After the Romans abandoned their province of Britannia in 410 A.D. the baths fell into disuse. They didn’t come into national prominence again until Queen Anne stopped by in 1702 to cure her gout. The British love of imitating royalty kicked in and Bath was on the map again. An entire city appeared in the 18th century to take care of wealthy visitors, who often stayed an entire year or more. The Pump Room was the central meeting place, an elegant hall where you can still drink some of the healing water. It tastes very heavy in minerals and is served warm.

Bath’s most famous resident was Jane Austen, who penned sharp-witted novels about its residents and their pretensions. Fans won’t want to miss the Jane Austen Centre. Guides in period costume explain what it was like to live here in Austen’s day and trace the history of high society in this first of English resorts. A Regency-style tea room offers refreshment.

There’s lots of period architecture in Bath, but the two jewels that shine the brightest are No. 1 Royal Crescent and the Bath Abbey and Heritage Vaults. Restored and furnished as it was in Georgian times, the Crescent is part of a great sweep of townhouses that are collectively a World Heritage Building. When completed in 1774 they became the swankiest address in the city. In fact, it still is. In 2006 a house in the Crescent sold for £4.5 million, or $7.3 million. The elegant interior of No. 1 is faithfully restored with period furnishings and conveys an excellent idea of what it was like to be ridiculously wealthy more than 200 years ago.

%Gallery-83685%Bath Abbey’s Gothic spires loom over the city’s skyline. Begun in 1499, this is the last of the great Gothic cathedrals built in England and in many ways a culmination of the style.

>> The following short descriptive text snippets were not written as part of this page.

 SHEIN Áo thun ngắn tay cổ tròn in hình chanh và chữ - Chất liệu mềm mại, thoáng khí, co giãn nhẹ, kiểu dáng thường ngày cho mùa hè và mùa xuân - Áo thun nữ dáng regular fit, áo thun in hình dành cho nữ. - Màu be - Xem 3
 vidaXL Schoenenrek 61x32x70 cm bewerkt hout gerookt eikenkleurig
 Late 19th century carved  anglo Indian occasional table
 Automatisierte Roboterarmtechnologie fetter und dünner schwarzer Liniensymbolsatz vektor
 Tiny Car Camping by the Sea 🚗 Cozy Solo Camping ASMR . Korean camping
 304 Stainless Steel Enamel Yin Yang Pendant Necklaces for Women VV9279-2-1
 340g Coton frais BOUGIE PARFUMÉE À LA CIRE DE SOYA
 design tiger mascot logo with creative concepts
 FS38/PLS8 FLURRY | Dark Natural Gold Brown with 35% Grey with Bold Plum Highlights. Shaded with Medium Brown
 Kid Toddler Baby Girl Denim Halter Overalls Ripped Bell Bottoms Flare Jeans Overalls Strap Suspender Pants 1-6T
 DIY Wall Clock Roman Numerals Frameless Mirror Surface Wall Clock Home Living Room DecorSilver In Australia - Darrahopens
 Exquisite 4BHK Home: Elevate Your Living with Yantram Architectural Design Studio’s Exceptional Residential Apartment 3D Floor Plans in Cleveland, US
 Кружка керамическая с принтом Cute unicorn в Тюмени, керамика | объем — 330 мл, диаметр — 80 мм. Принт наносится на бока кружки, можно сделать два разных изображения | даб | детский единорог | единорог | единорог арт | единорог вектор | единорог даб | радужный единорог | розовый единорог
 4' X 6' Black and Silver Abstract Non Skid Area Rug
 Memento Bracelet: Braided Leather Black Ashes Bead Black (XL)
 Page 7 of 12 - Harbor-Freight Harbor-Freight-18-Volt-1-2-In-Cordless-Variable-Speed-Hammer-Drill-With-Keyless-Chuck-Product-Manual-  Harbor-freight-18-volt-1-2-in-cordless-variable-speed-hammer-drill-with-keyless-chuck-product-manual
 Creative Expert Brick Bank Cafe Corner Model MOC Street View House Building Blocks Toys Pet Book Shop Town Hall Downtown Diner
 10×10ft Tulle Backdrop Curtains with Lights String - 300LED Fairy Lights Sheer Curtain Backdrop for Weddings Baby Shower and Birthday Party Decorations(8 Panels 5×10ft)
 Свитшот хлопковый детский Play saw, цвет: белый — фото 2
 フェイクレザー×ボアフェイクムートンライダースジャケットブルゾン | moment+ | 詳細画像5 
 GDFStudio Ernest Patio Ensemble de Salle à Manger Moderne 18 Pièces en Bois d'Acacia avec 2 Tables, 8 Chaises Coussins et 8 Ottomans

Its great clear windows on the north and south soak the interior with light, while the intricate stained glass on the west and east are breathtakingly beautiful. When lit up at night it looks like a glowing tiara, and locals have dubbed it “The Lantern”. The Heritage Vaults in the cellar trace the history of Christian worship on this site from the 7th century to the present.

The one off note with Bath is the number of visitors. It’s far more crowded than St. Albans or even Canterbury, so you might want to consider visiting outside of the tourist season. Since most of the visitors are day trippers, staying overnight will give you a chance to walk the historic streets in relative peace and see the Abey lit up. There are no shortage of hotel options. If you want to splash out try the Royal Crescent Hotel and live like you’re in a Jane Austen novel. To save your budget after all those spa treatments, eat at Yak Yeti Yak, a cheap and filling Nepali restaurant.